Les parties civiles s’indignent

De quoi faire bondir les avocats des parties civiles à commencer par Francis Szpiner : «Le fils de Samuel Paty est consterné par la décision rendue, même devant un tribunal pour enfants. Sans cette élève qui a menti et qui a continué à longuement mentir, Samuel Paty ne serait pas mort. Sans ces élèves qui l’ont guetté, ont montré sa photo, sont restés deux heures avec le terroriste et l’ont désigné, Samuel Paty ne serait pas mort. Je laisse apprécier à chacun la décision du tribunal et l’on peut s’étonner que même le ministère public ne soit pas allé au maximum de la peine, lui qui porte la voix de la République. Un seul sort avec six mois mais sous bracelet électronique. La décision est loin d’être exemplaire face aux crimes de terrorisme». Un sentiment partagé par Virginie Le Roy l’avocate de la famille de Samuel Paty, sortie extrêmement émue de l’audience, quasiment au bord des larmes : «C’est une décision difficile pour la famille ; il y a de la déception, de la colère, de l’incompréhension. Les peines ne sont pas à la hauteur des faits, du drame. C’est un mauvais signal pour la famille, pour les élèves et pour les enseignants. Je suis émue pour cette famille : un homme décapité dans une rue ce n’est pas rien. Or, il n’y a pas eu ce sursaut unanime de l’institution judiciaire. Certains de ces mineurs ne semblaient pas comprendre».
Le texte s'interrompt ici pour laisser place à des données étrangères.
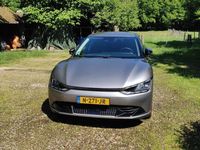 Afbeelding 2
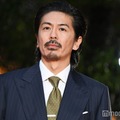 森田剛 （C）モデルプレス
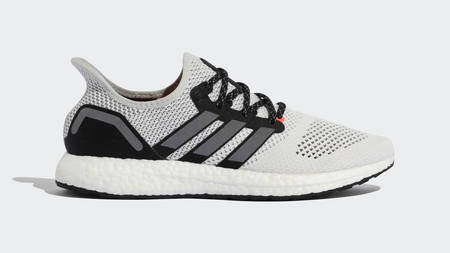 First Look At The adidas SPEEDFACTORY AM4TKY First Look At The adidas SPEEDFACTORY AM4TKY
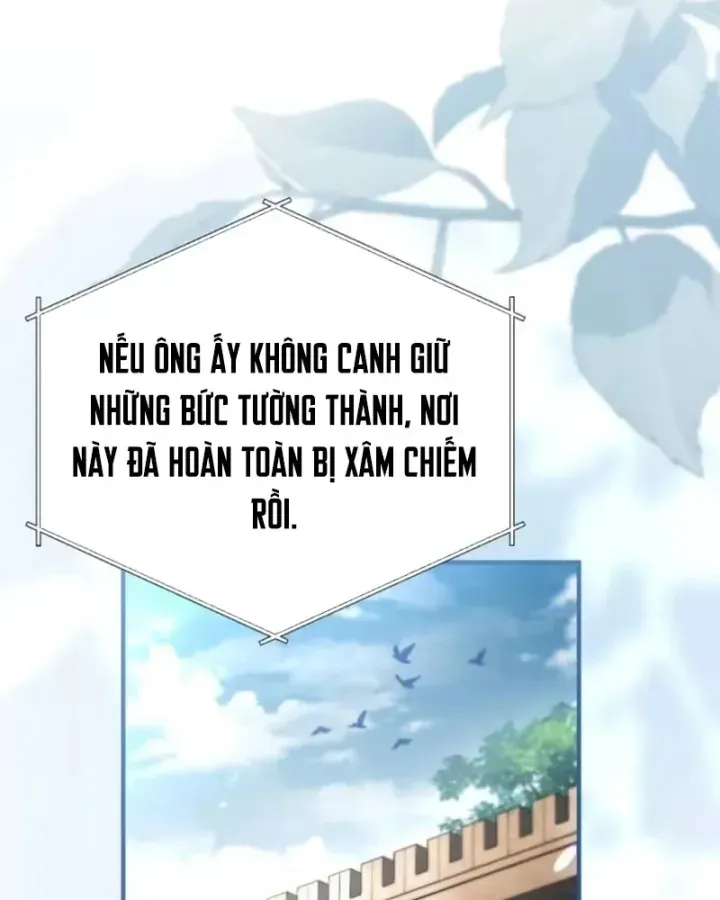 Hoàng Tử Bán Thuốc Chap 112 - Next Chap 113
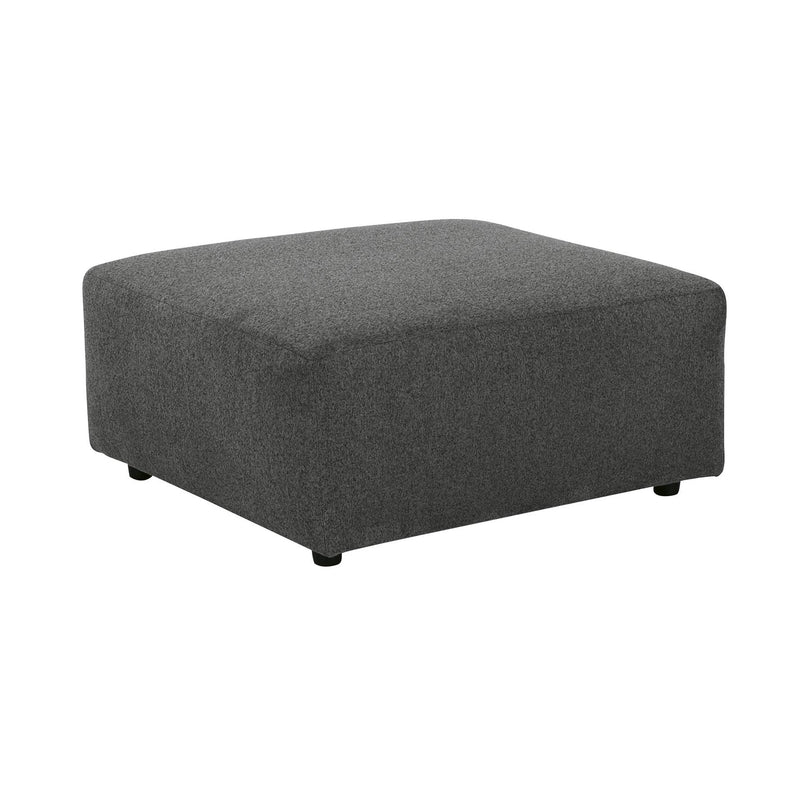 Signature Design by Ashley Edenfield 2900308 Oversized Accent Ottoman IMAGE 1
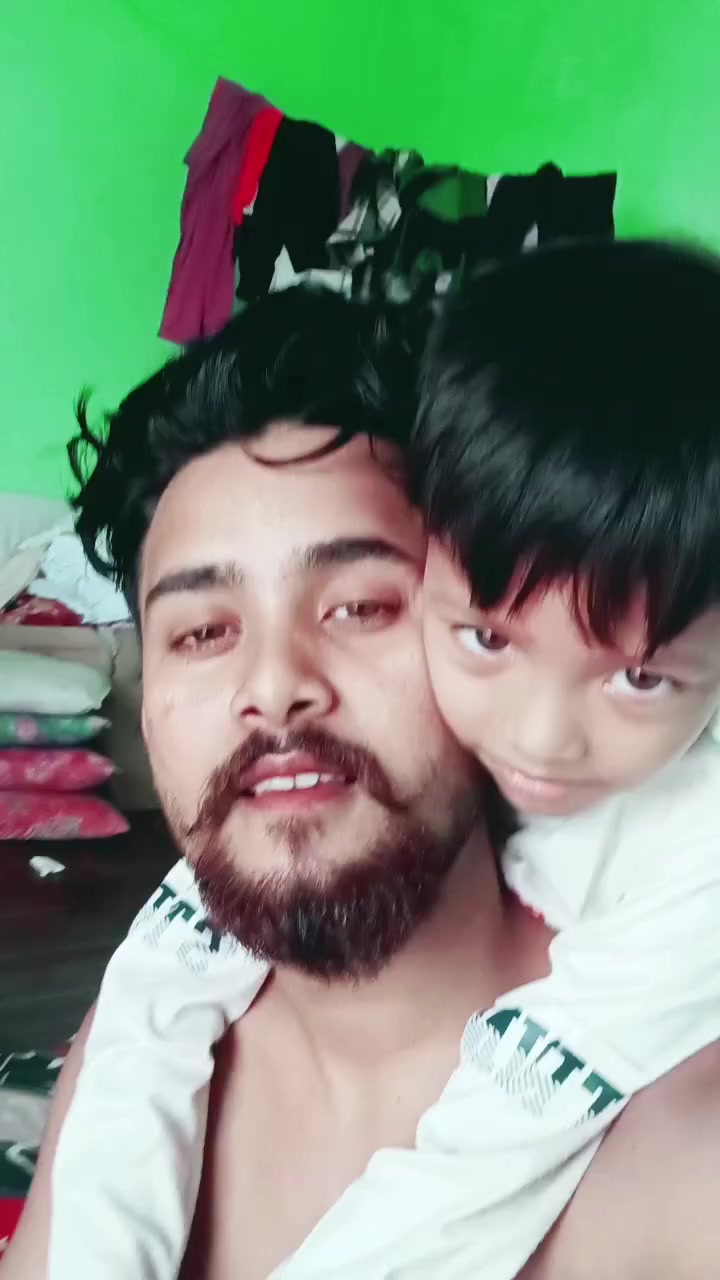 @Nirajan 8848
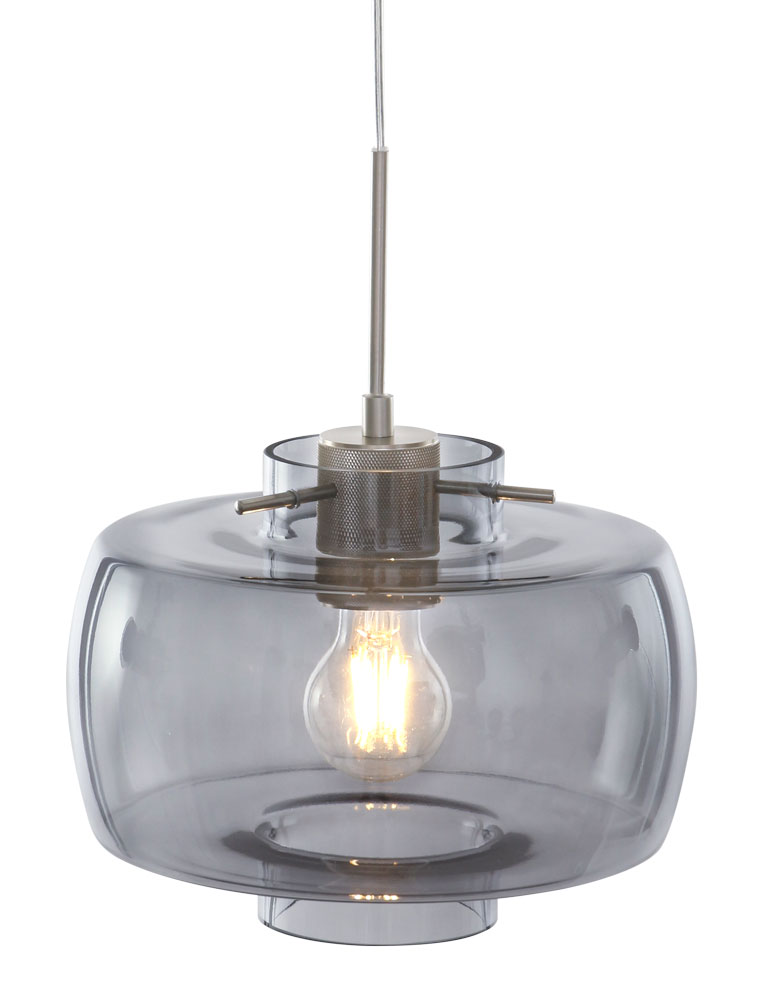 pendelleuchte-steinhauer-glass-light-mattglas-9306st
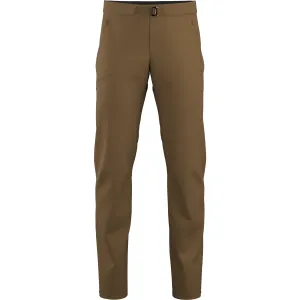 Arc'teryx M Gamma Pant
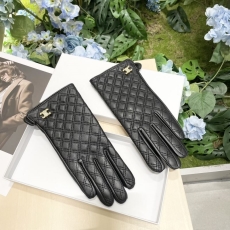 Celine Gloves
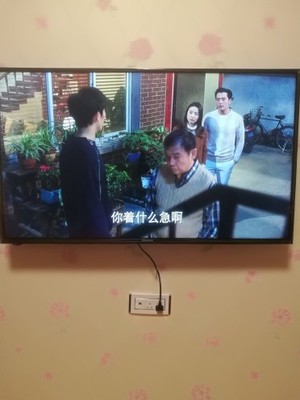 评价揭秘海信HZ43E35A与长虹43D5S哪款好用？？使用差别大不大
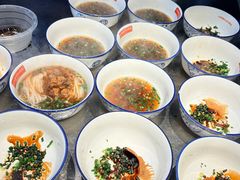 -公交新村粉店(赤岗冲店)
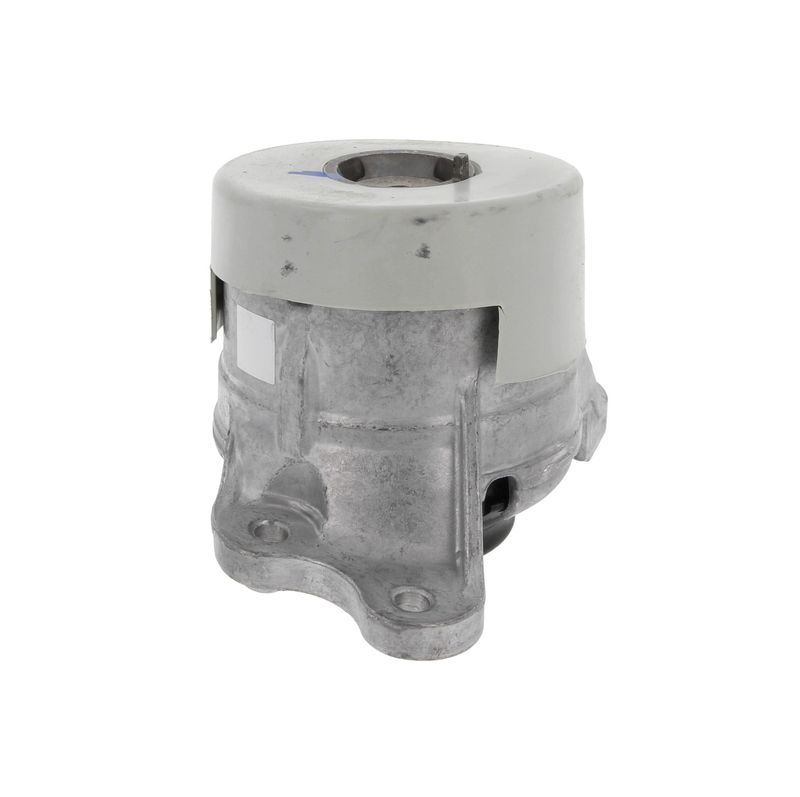 CORTECO 49427588 Mounting, engine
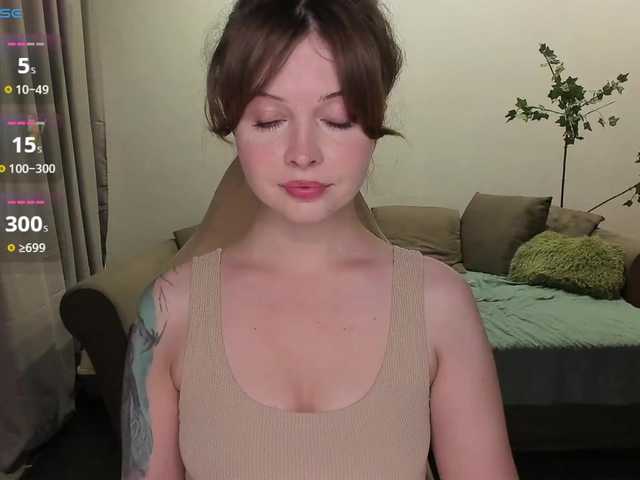 Antarinda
Me Louis Cailliez qui s’exprimait pour Mickaëlle Paty, a regretté «la peine à l’encontre de Z., l’instigatrice. A l’audience, Mickaëlle Paty a lancé un appel solennel pour la rejoindre dans son combat pour la laïcité. J’espère qu’ils auront le courage de l’accompagner à l’heure où un mineur musulman sur trois ne condamne pas totalement le meurtre d’Arras, et qu’un professeur sur deux s’autocensure lors de ses cours sur la laïcité».

De leur côté, les avocats de la défense se sont tous félicités du verdict, affirmant pour certains le soulagement des mineurs qu’ils défendaient d’avoir passé cette épreuve judiciaire. Tous les prévenus étaient poursuivis pour association de malfaiteurs en vue de commettre des violences avec trois circonstances aggravantes du fait qu’un enseignant a été visé, que les faits se sont déroulés aux abords d’un établissement scolaire aux heures de sortie et d’entrée, le tout avec préméditation ou guet-apens. Pour cette infraction, la peine encourue était de 2 ans et demi, l’excuse de minorité amendant en effet les peines de la moitié. Les cinq prévenus étaient accusés d’avoir, contre rémunération, décrit Samuel Paty au terroriste afin qu’il puisse l’identifier, d’avoir fait le guet aux abords du collège et d’avoir aidé Abdoullakh Anzorov à se cacher, en attendant le professeur d’histoire.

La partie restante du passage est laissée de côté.